Write every entry out again, exactly as given.

[Caption-style text data]
^^^^^^^^^^^^^^^^

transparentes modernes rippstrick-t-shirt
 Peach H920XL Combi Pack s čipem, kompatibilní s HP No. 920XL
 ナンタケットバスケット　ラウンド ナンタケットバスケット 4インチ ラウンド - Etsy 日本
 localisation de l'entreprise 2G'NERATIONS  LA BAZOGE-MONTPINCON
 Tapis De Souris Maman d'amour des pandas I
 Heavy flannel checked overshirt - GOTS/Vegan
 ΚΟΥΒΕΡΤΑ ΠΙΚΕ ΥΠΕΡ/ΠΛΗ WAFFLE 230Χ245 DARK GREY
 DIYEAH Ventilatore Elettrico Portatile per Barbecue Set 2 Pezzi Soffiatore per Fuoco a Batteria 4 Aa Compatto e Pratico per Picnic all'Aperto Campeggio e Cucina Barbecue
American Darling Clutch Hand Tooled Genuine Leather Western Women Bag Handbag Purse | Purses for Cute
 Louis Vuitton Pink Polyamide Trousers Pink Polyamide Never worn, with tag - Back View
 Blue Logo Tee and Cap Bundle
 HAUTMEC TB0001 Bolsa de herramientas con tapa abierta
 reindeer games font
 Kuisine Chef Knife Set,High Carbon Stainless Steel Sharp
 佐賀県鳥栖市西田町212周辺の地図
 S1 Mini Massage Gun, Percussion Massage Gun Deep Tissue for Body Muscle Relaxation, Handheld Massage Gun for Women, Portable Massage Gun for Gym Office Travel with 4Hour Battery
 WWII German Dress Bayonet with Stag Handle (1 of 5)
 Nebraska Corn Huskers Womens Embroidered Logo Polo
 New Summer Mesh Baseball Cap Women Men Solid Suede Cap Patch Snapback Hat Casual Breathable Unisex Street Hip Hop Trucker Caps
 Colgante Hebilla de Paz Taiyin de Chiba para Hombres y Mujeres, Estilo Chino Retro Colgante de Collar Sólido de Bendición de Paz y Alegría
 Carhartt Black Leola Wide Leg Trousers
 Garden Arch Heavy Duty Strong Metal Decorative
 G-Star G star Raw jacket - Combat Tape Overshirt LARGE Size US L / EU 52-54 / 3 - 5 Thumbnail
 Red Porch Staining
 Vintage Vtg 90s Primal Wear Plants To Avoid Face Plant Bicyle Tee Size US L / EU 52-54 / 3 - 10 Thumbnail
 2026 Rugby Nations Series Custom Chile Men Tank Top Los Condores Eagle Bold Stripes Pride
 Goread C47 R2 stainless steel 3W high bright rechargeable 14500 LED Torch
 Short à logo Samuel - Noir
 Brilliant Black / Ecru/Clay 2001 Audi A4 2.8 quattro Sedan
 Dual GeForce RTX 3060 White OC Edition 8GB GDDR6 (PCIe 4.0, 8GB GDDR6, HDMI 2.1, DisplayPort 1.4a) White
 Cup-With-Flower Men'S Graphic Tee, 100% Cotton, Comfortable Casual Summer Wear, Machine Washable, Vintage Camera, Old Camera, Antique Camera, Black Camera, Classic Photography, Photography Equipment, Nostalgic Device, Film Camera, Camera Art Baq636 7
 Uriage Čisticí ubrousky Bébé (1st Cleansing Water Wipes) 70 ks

^^^^^^^^^^^^^^^^

* **Completed exercise**
transparentes modernes rippstrick-t-shirt
 Peach H920XL Combi Pack s čipem, kompatibilní s HP No. 920XL
 ナンタケットバスケット　ラウンド ナンタケットバスケット 4インチ ラウンド - Etsy 日本
 localisation de l'entreprise 2G'NERATIONS  LA BAZOGE-MONTPINCON
 Tapis De Souris Maman d'amour des pandas I
 Heavy flannel checked overshirt - GOTS/Vegan
 ΚΟΥΒΕΡΤΑ ΠΙΚΕ ΥΠΕΡ/ΠΛΗ WAFFLE 230Χ245 DARK GREY
 DIYEAH Ventilatore Elettrico Portatile per Barbecue Set 2 Pezzi Soffiatore per Fuoco a Batteria 4 Aa Compatto e Pratico per Picnic all'Aperto Campeggio e Cucina Barbecue
American Darling Clutch Hand Tooled Genuine Leather Western Women Bag Handbag Purse | Purses for Cute
 Louis Vuitton Pink Polyamide Trousers Pink Polyamide Never worn, with tag - Back View
 Blue Logo Tee and Cap Bundle
 HAUTMEC TB0001 Bolsa de herramientas con tapa abierta
 reindeer games font
 Kuisine Chef Knife Set,High Carbon Stainless Steel Sharp
 佐賀県鳥栖市西田町212周辺の地図
 S1 Mini Massage Gun, Percussion Massage Gun Deep Tissue for Body Muscle Relaxation, Handheld Massage Gun for Women, Portable Massage Gun for Gym Office Travel with 4Hour Battery
 WWII German Dress Bayonet with Stag Handle (1 of 5)
 Nebraska Corn Huskers Womens Embroidered Logo Polo
 New Summer Mesh Baseball Cap Women Men Solid Suede Cap Patch Snapback Hat Casual Breathable Unisex Street Hip Hop Trucker Caps
 Colgante Hebilla de Paz Taiyin de Chiba para Hombres y Mujeres, Estilo Chino Retro Colgante de Collar Sólido de Bendición de Paz y Alegría
 Carhartt Black Leola Wide Leg Trousers
 Garden Arch Heavy Duty Strong Metal Decorative
 G-Star G star Raw jacket - Combat Tape Overshirt LARGE Size US L / EU 52-54 / 3 - 5 Thumbnail
 Red Porch Staining
 Vintage Vtg 90s Primal Wear Plants To Avoid Face Plant Bicyle Tee Size US L / EU 52-54 / 3 - 10 Thumbnail
 2026 Rugby Nations Series Custom Chile Men Tank Top Los Condores Eagle Bold Stripes Pride
 Goread C47 R2 stainless steel 3W high bright rechargeable 14500 LED Torch
 Short à logo Samuel - Noir
 Brilliant Black / Ecru/Clay 2001 Audi A4 2.8 quattro Sedan
 Dual GeForce RTX 3060 White OC Edition 8GB GDDR6 (PCIe 4.0, 8GB GDDR6, HDMI 2.1, DisplayPort 1.4a) White
 Cup-With-Flower Men'S Graphic Tee, 100% Cotton, Comfortable Casual Summer Wear, Machine Washable, Vintage Camera, Old Camera, Antique Camera, Black Camera, Classic Photography, Photography Equipment, Nostalgic Device, Film Camera, Camera Art Baq636 7
 Uriage Čisticí ubrousky Bébé (1st Cleansing Water Wipes) 70 ks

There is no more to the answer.